Dal paese e dalla provincia, Diana, se n’era andata negli anni Settanta per frequentare le magistrali e poi l’Università, a Firenze, dove le sue aspettative e i suoi sogni di ragazza avevano incrociato la vita di altri individui, e dove, sull’onda delle manifestazioni contro la guerra in Vietnam, quel gruppo eterogeneo era diventato un corpo collettivo. Di quegli anni, bellissimi, la protagonista ricorda il suo primo (e forse unico) amore, di cui conserva vivo il ricordo del profumo del primo abbraccio: un misto fra fumo di sigaretta e lana di un maglione che implora d’essere lavato, e il gruppo politico e le loro vivaci e coinvolgenti riunioni. Gli anni più belli, perché vissuti con la consapevolezza di vivere in un eterno presente che trasmetteva effervescenza e promesse di una vita migliore, una vita che meritava di essere vissuta nonostante la stanchezza che comportava quel continuo agitarsi per correre da un’assemblea all’altra, incontri infarciti da tante discussioni e tante frasi alternate da mille “cioè” pronunciati a sorreggere una rivolta nutrita di utopia più che di progetto, e dove anche le giovani donne lottavano per costruire un’identità mancante che le loro madri non si erano preoccupate di trasmettere. Stavano cambiando il mondo, il loro mondo, e un po’ quel mondo le stava lentamente cambiando. Era come se il fuori fosse precipitato dentro di loro incantandole, complice una giovinezza che sembrava non finire, dentro pochi mesi o pochi anni gonfiati dal ricordo, riempiti da un quotidiano di luoghi, trascorso tra giornali, volantini, posacenere traboccanti di cicche, piatti da lavare accumulati nel lavandino.
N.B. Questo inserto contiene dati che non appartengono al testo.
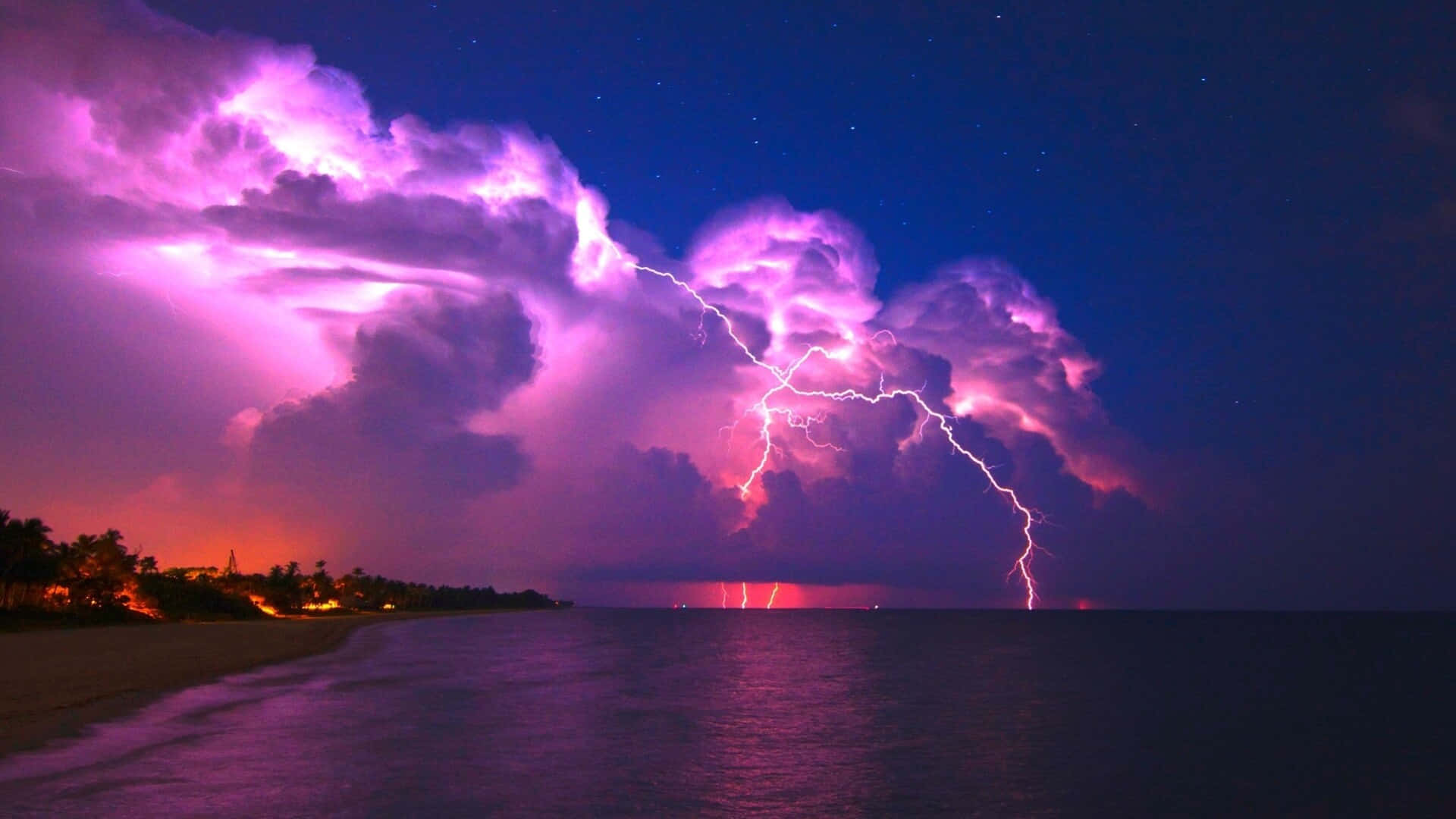 閃電 桌布 壁紙 — 一場戲劇性的紫色雷暴照亮了夜晚的黑暗海洋，伴隨著發光的雲層和遠處的海岸燈光。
L’incanto assume anche aspetti da incubo: il 12 dicembre 1969, con la strage di Piazza Fontana a Milano, l’11 settembre 1973, con il golpe in Cile. Gli anni inesorabilmente sono passati e come all’improvviso ci si è trovati “grandi”: il primo amore è scomparso senza alcun preavviso, il secondo anche: una morte rapida e inattesa. La felicità di quegli anni arruffati, concitati e densi, sembra essere sparita nel nulla. Del primo amore rimane un ricordo quasi ossessivo, forse perché le donne, a differenza degli uomini, sono più attaccate ai ricordi e parlano più a lungo con se stesse.
Il tempo dell’incanto è un viaggio a ritroso nello spazio che è anche tempo, e in questa incursione nel passato capita di ritrovare pezzi di vita che non si sono mai dimenticati. Diana ritrova le amiche di sempre, ricostruisce con loro la vecchia complicità fatta di chiacchierate e di segreti condivisi, ritrova vecchie sensazioni: il timbro di una voce, il profumo del caffè, il fumo delle sigarette, l’immancabile colonna sonora diffusa dal mangianastri a cassette -ma quanti Perfect days ci circondano che stentiamo a riconoscere? Dal fondo dei cassetti emergono anche un segreto sepolto dal tempo e un vecchio amore, le due vicende s’intrecciano e sono strettamente collegate, ma il tempo dell’incanto, legato ad un tempo perfetto e immutabile, rimane sullo sfondo assieme alla consapevolezza che non si può tornare indietro. E’ un bel racconto quello che ci consegna Barbara Beneforti, fatto di piccole emozioni e di momenti quotidiani, che ci fa apprezzare il piacere di una narrazione che diventa quasi diario personale.